John Dunlavy On "Cable Nonsense"


Food for thought...

http://www.verber.com/mark/cables.html
plasmatronic

Showing 7 responses by jhunter

Kelly -

At shows, Dunlavy uses his own design of cable (Z6 at CES 2001). And yes, he feels that there is (in the overwhelming majority of real world systems) little to zero AUDIBLE difference between his technically superior cable and zipcord.

If you ask John Dunlavy (and he'd be most happy to answer), you'd find out that they use both measurements and listening tests when designing and testing speakers. And he feels that buyers must listen; and that measured accuracy is a means towards superior audible results. He is honest, though, and admits that some of the measured results (phase accuracy, in particular) may have little sonic benefit.

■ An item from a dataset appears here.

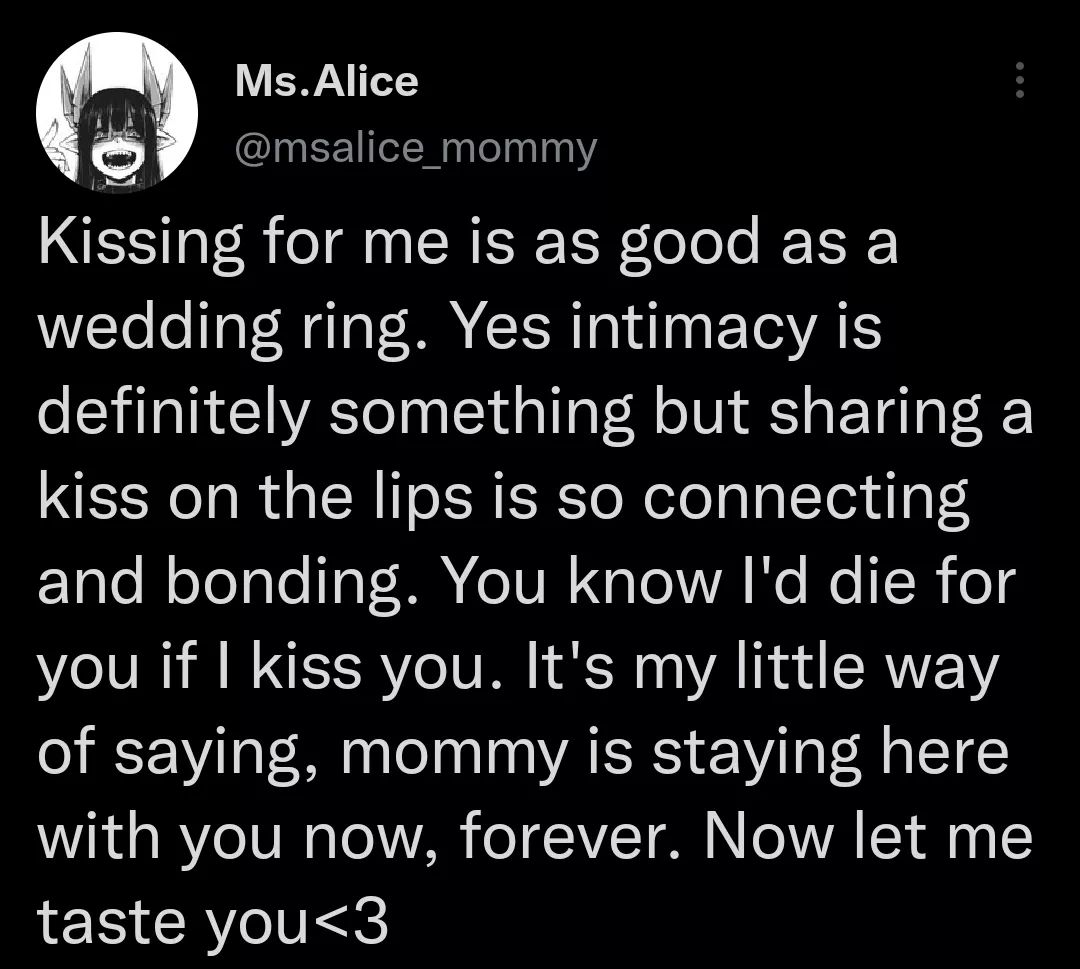 just my opinion on kissing <3 (dont get me wrong wedding rings are also great, a kiss on the lips from a special someone is also like that too) posted by HauntingMobile9773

John's forgotten more about speakers and electronics than any given dozen posters (almost typed "posers", might've been more accurate at that) on this site will ever know.

JHunter
Sugarbie -

Trotting out this analogy again? Your strawman has no bearing to anything Dunlavy has said.

JHunter
Or to rephase Doc's statement, for some reason tests based on SOUND ONLY are suspect amongst a large proportion of "cable believers". Let everybody know which component is being tested and it becomes a meaningful test????

Not in my book.
JHunter
Jadem6 -

If you don't understand what JD was talking about, maybe there's a reason?? ;-)

JHunter
Sqjudge -

My EE class showed the same thing - and it's correct. JD knows this also; he designed the Z6 primarily as a technical exercise and to give people the theoretically best possible solution. Reflections are not significant at audio frequencies (unless you've a much bigger living room than I!!), but the impedance matching buys a trivially small - and audibly undetectable by anyone - margin.

WHY do you think he acknowledges that there's no difference between his cable and zipcord? Hint: because the job of a cable is to have the same signal at the output as at the input - nothing more, nothing else. Barring some grossly overpriced tone controls masquarading as cables (or grossly undersized wires), the overwhelming majority of cables do an equally good job to the human ear.

Anyone disagreeing with this is welcome to demonstrate it in a double blind test.

Cheers,
JHunter
Bear is up to his usual "debating" tactics. If decades+ of established acoustics methodology and all the evidence (from scientifically valid testing) goes against you, then just claim that the testers don't have a system with sufficient resolution. Could you give us an example of a system that you feel does have sufficient resolution?

BTW, this is not to say that people don't get more enjoyment from their system from various cables even without any audible difference. I use Nordost from my DAC to amp just because I like knowing that it's extremely low capacitance, and almost bought Straightwire Rhapsody speaker cables just because they look great! In neither case did I hear a difference from the previous cable, but maybe my system just doesn't have enough resolution, eh?

Cheers,
JHunter
Bear -

2 points:

First, while you're new to Audiogon I've followed some of the many discussions on rec.audio.high-end between you and folks such as Dick Pierce and JJ. If I recall correctly, there was quite a thread involving the topic of system resolution.

Your argument would be stronger were there a number (say, anything more than 1) of double-blind test showing differences between cables of similar electrical characteristics; surely not ALL of the test systems are so inadequate??? Incidently, I believe that these systems have in fact revealed differences if the cables have grossly different properties, so the systems used can't be hopeless.

Second, from your post can I assume that you don't object to the basic double-blind test methodology? If so, it might be interesting to try it out on your system using a pink noise source. Have you given this a try?